Activity: An exact repetition of the data is required; no picture should appear in it.

Dataset records:

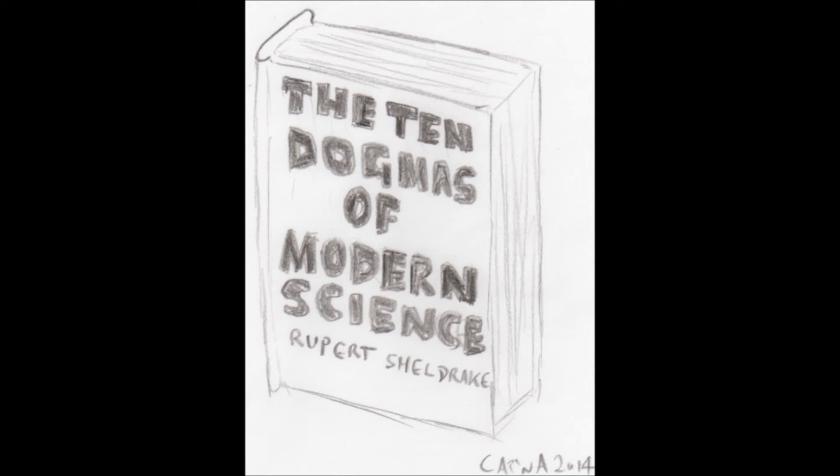Sheldrake accuses modern science of making the assumption that matter is unconscious, but it would be more accurate to say that he's making the assumption that it isn't. Occam's razor, which Sheldrake should be familiar with, he even appeals to it when it suits him, dictates that we should make as few assumptions as possible.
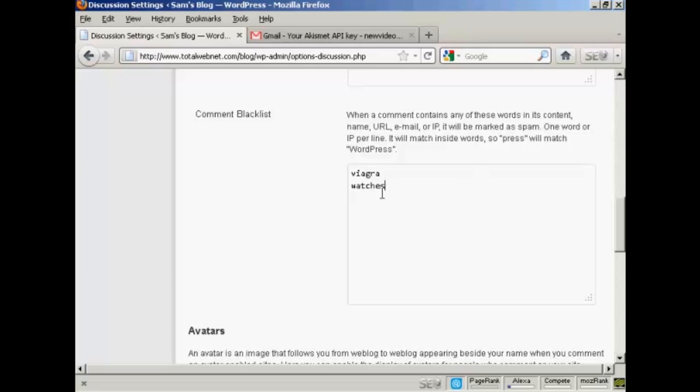A word of caution, obviously, if your blog is about further education or it's about selling watches, then obviously you wouldn't want to put watches or degrees in here. So you need to be careful that it's not going to stop people who are going to be making a legitimate comment on your blog from actually making that comment.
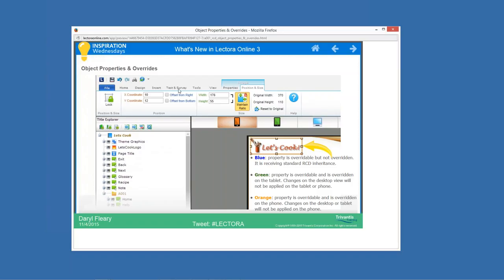Blue labels mean a property can be changed uniquely on tablet or phone, but hasn't been changed yet. If changed, they'd turn orange for phone or green for tablet. That is how we handle customizations in Lectora Online. Now I'm going to hop over into the application and give you a quick tour.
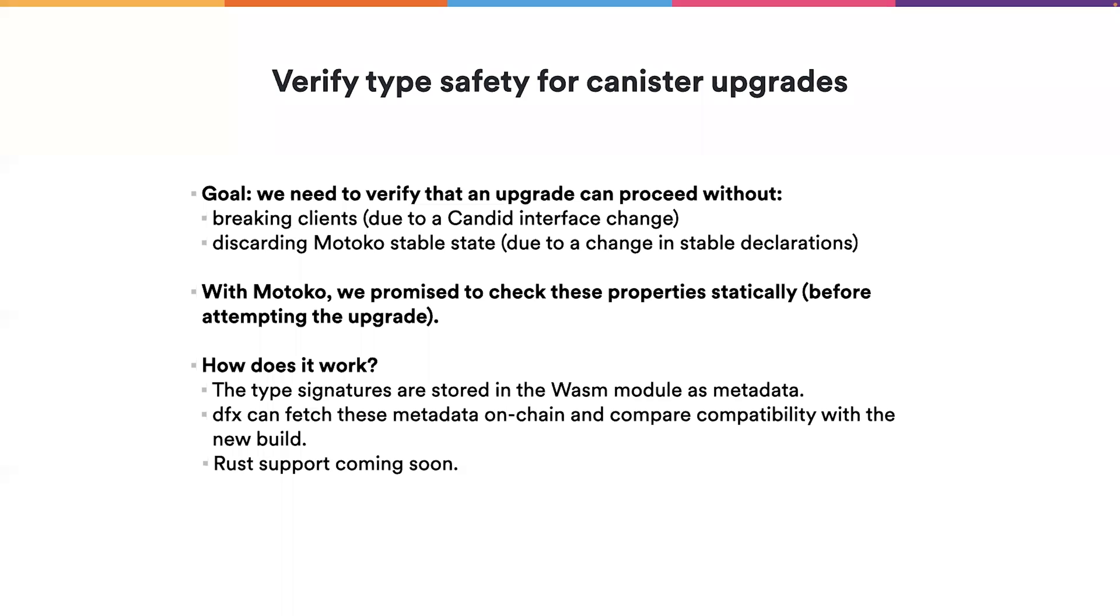If it detects anything incompatible, it will warn the user about a potential problem. This currently only works with Motoko, but Rust support is coming soon.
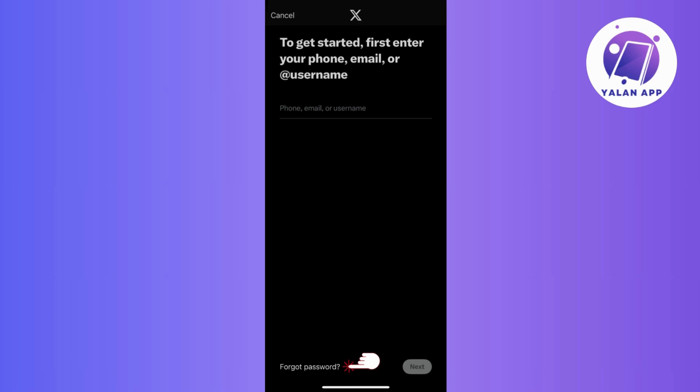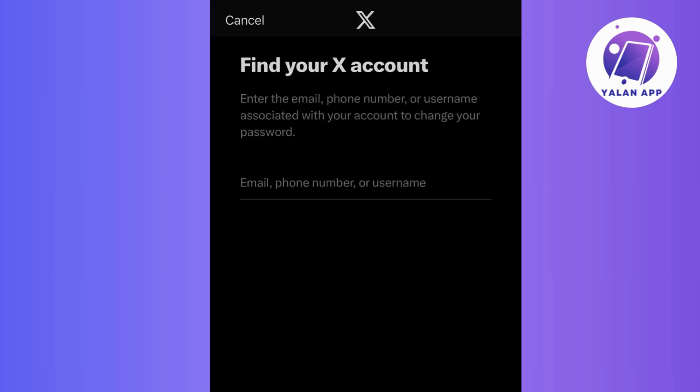So, if you forgot your password, then it's no big deal. Look for the forgot password button on the login screen and give it a tap. Then, Twitter or X will ask for your email, phone number, or username linked to the account. Just type in your info and follow the simple steps that show up on your screen.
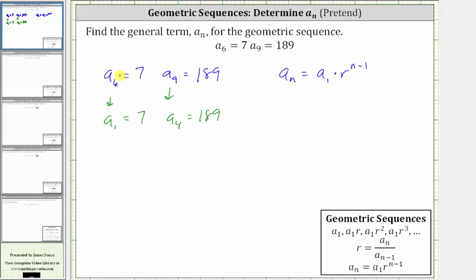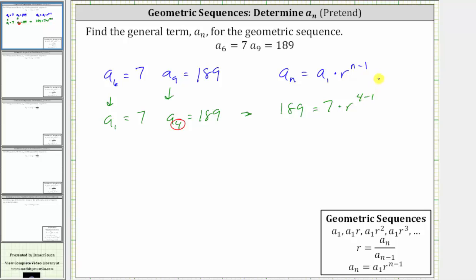Using the formula a sub n equals a sub one times r raised to the power of n minus one, we now substitute 189 for a sub n, and n is equal to four. So we have 189 is equal to our pretend a sub one, which is seven, times r raised to the power of four minus one, giving us 189 equals seven times r cubed.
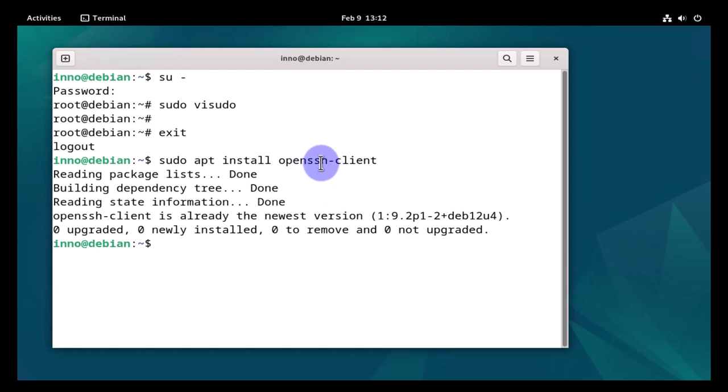This time we're able to run the command. So that's all for this video. That's how you give a user privileged permissions by adding them to the sudo group or the sudoers file. I hope this information has been helpful. I'll catch you on my next video. Thanks, bye!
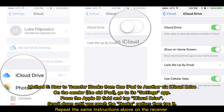Method five: how to transfer iBooks from one iPad to another via iCloud Drive. On the sender (the old iPad), go to the Settings app, press the Apple ID field, and tap iCloud Drive. Scroll down until you reach the Books option and tap it. Repeat the same instructions on the receiver.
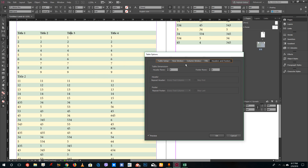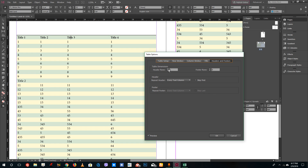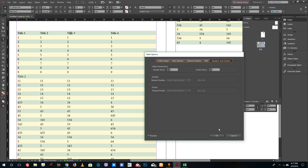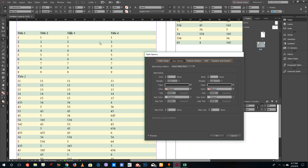For headers and footers, you can add a header by increasing the header row count. To create a visible gap between columns, go to Column Strokes and select the paper color. You can increase the stroke weight and see the gap appear, allowing you to create very unique-looking tables.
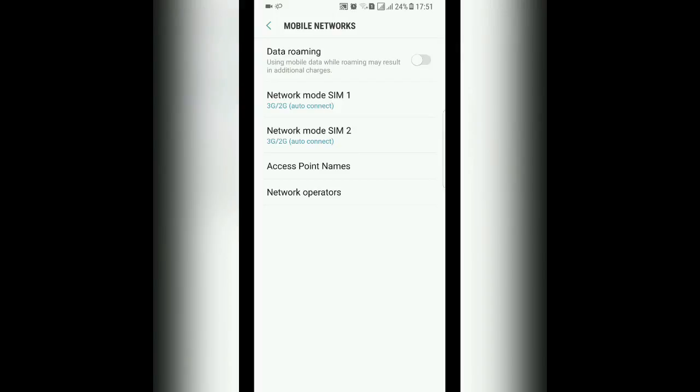Now in Mobile Networks, if you have a dual SIM phone, you'll see SIM 1 and SIM 2. Find out which SIM has your data connection, preferably your MTN SIM.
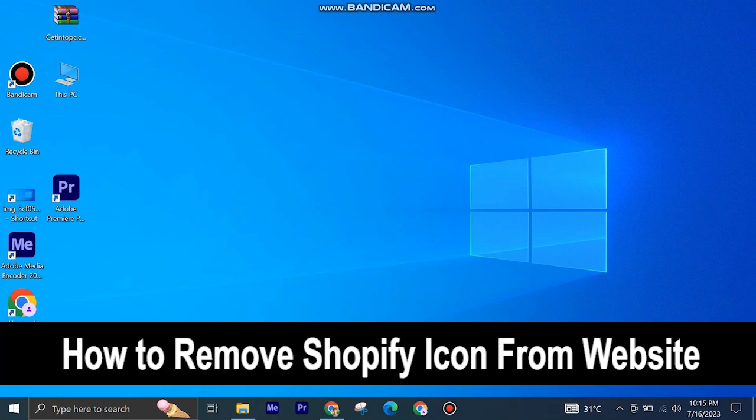Here's how to remove Shopify icon from website. It's quite easy and simple to do, but make sure to watch the full video so you don't miss out on any important steps.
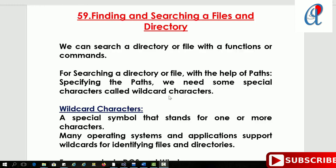Hey guys, this is another video tutorial on Windows system programming. In this video tutorial we are going to see how to find and search files and directories. We know that for searching a directory or files we require some functions or commands, and first we have to specify the location of that directory or files, and then perform the searching, deleting, or any other operation.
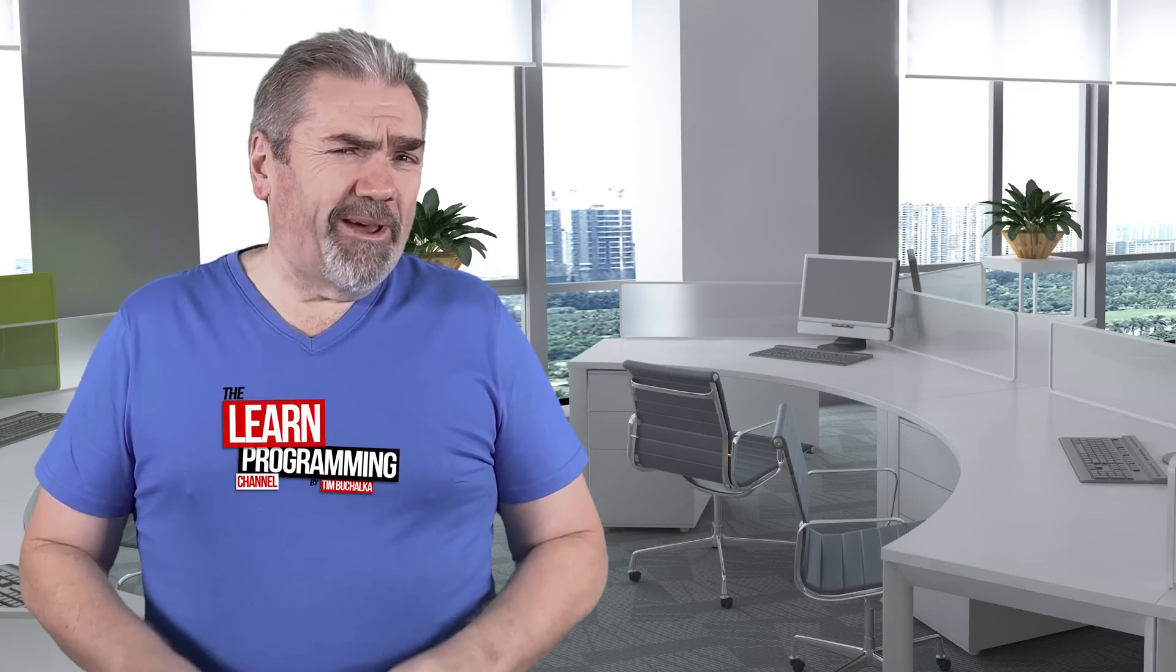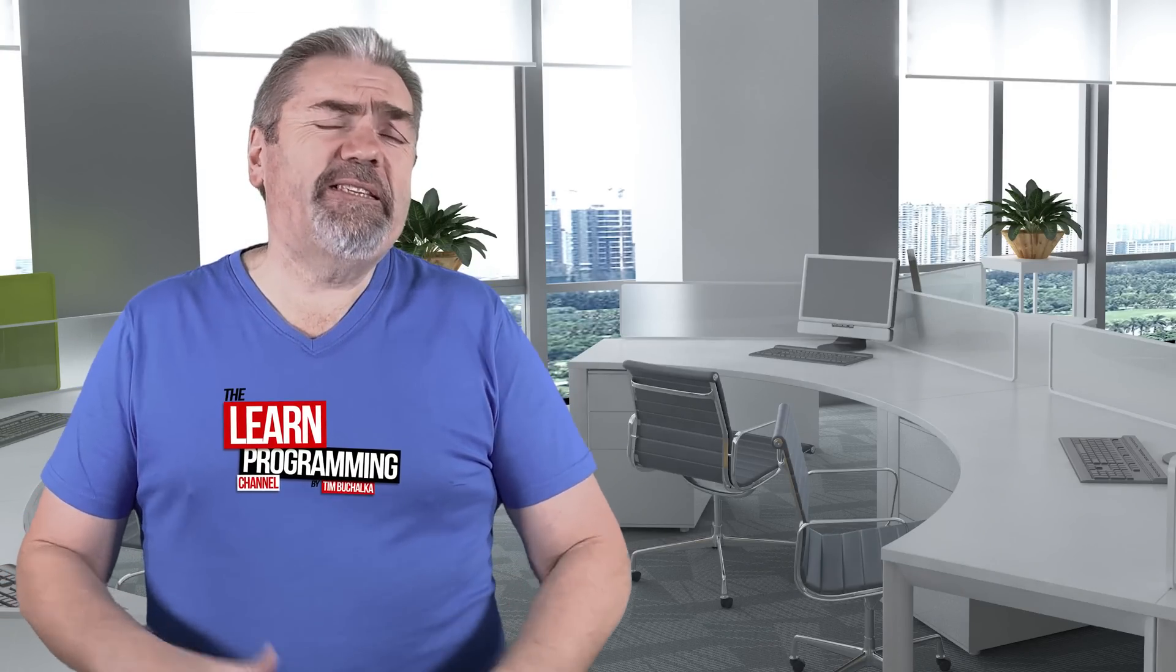Welcome back, my name is Tim Buchalka with another programming tip of the day. And the question was, how do you make your resume stand out, stand out of the crowd?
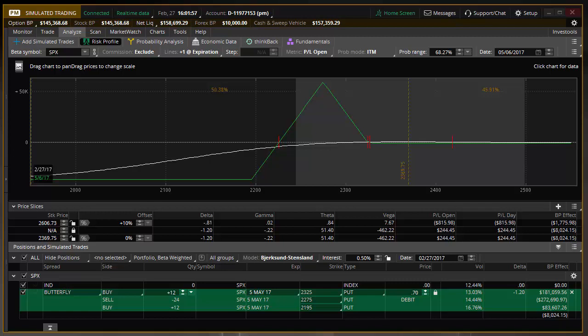Part two of talking about margin calculations and how platforms calculate risk in determining efficient use of capital, we have to also talk about span margining.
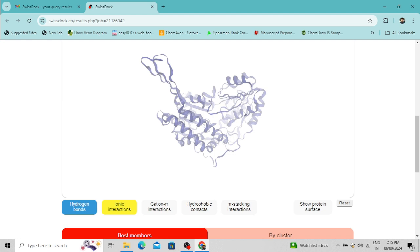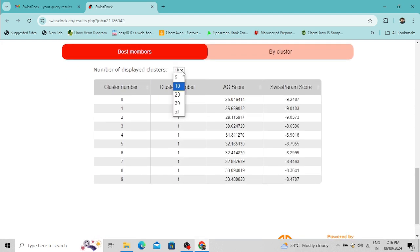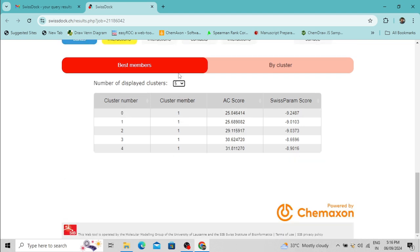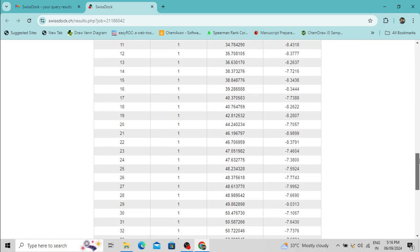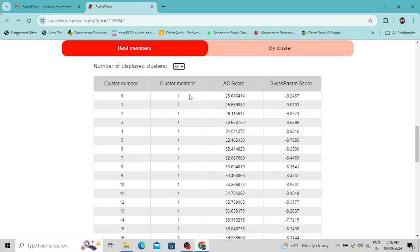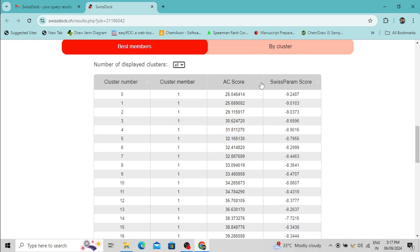Within this space, in several areas the ligand molecules can be docked, so we get many poses, and these poses are clustered based on their similarity. If you click 'All', all clusters will be presented and the score of the best pose of each cluster is shown. These poses have been scored through two different scoring functions: Attracting Cavities score and SwissParam score. The pose with the lowest score is the best pose — in this case it has a SwissParam score of minus 9.2487, making it the best pose.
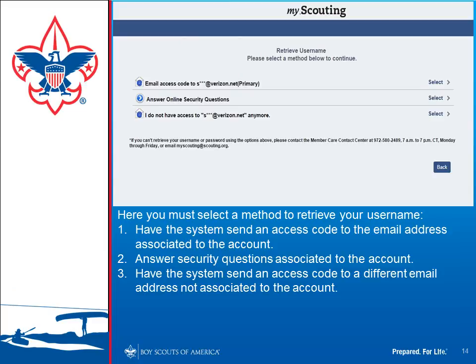If the system found an existing account for you, it can give you the username and password of that existing account. You would select the account it identified as you, and then you'll be presented with a screen offering several options for how it can send you that account information — either to the email address on record, or via online security questions if you previously set those up. If you no longer have that email account, select the option indicating that.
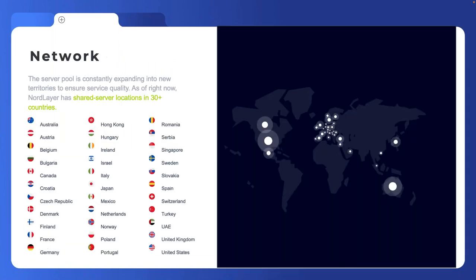NordLayer has shared servers in over 50 countries. Wherever you are, you connect to a nearby server and have a secure tunnel back to your office or data center. You can also control access to your SaaS through the VPN — instead of exposing SaaS to the whole internet, you open it only to your dedicated NordLayer VPN server, and NordLayer controls who can and cannot access it.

Written answer:
Sheldrake accuses modern science of making the assumption that matter is unconscious, but it would be more accurate to say that he's making the assumption that it isn't. Occam's razor, which Sheldrake should be familiar with, he even appeals to it when it suits him, dictates that we should make as few assumptions as possible.
A word of caution, obviously, if your blog is about further education or it's about selling watches, then obviously you wouldn't want to put watches or degrees in here. So you need to be careful that it's not going to stop people who are going to be making a legitimate comment on your blog from actually making that comment.
Blue labels mean a property can be changed uniquely on tablet or phone, but hasn't been changed yet. If changed, they'd turn orange for phone or green for tablet. That is how we handle customizations in Lectora Online. Now I'm going to hop over into the application and give you a quick tour.
If it detects anything incompatible, it will warn the user about a potential problem. This currently only works with Motoko, but Rust support is coming soon.
So, if you forgot your password, then it's no big deal. Look for the forgot password button on the login screen and give it a tap. Then, Twitter or X will ask for your email, phone number, or username linked to the account. Just type in your info and follow the simple steps that show up on your screen.
Using the formula a sub n equals a sub one times r raised to the power of n minus one, we now substitute 189 for a sub n, and n is equal to four. So we have 189 is equal to our pretend a sub one, which is seven, times r raised to the power of four minus one, giving us 189 equals seven times r cubed.
This time we're able to run the command. So that's all for this video. That's how you give a user privileged permissions by adding them to the sudo group or the sudoers file. I hope this information has been helpful. I'll catch you on my next video. Thanks, bye!
Method five: how to transfer iBooks from one iPad to another via iCloud Drive. On the sender (the old iPad), go to the Settings app, press the Apple ID field, and tap iCloud Drive. Scroll down until you reach the Books option and tap it. Repeat the same instructions on the receiver.
For headers and footers, you can add a header by increasing the header row count. To create a visible gap between columns, go to Column Strokes and select the paper color. You can increase the stroke weight and see the gap appear, allowing you to create very unique-looking tables.
Now in Mobile Networks, if you have a dual SIM phone, you'll see SIM 1 and SIM 2. Find out which SIM has your data connection, preferably your MTN SIM.
Here's how to remove Shopify icon from website. It's quite easy and simple to do, but make sure to watch the full video so you don't miss out on any important steps.
Hey guys, this is another video tutorial on Windows system programming. In this video tutorial we are going to see how to find and search files and directories. We know that for searching a directory or files we require some functions or commands, and first we have to specify the location of that directory or files, and then perform the searching, deleting, or any other operation.
Welcome back, my name is Tim Buchalka with another programming tip of the day. And the question was, how do you make your resume stand out, stand out of the crowd?
Part two of talking about margin calculations and how platforms calculate risk in determining efficient use of capital, we have to also talk about span margining.
Within this space, in several areas the ligand molecules can be docked, so we get many poses, and these poses are clustered based on their similarity. If you click 'All', all clusters will be presented and the score of the best pose of each cluster is shown. These poses have been scored through two different scoring functions: Attracting Cavities score and SwissParam score. The pose with the lowest score is the best pose — in this case it has a SwissParam score of minus 9.2487, making it the best pose.
If the system found an existing account for you, it can give you the username and password of that existing account. You would select the account it identified as you, and then you'll be presented with a screen offering several options for how it can send you that account information — either to the email address on record, or via online security questions if you previously set those up. If you no longer have that email account, select the option indicating that.
NordLayer has shared servers in over 50 countries. Wherever you are, you connect to a nearby server and have a secure tunnel back to your office or data center. You can also control access to your SaaS through the VPN — instead of exposing SaaS to the whole internet, you open it only to your dedicated NordLayer VPN server, and NordLayer controls who can and cannot access it.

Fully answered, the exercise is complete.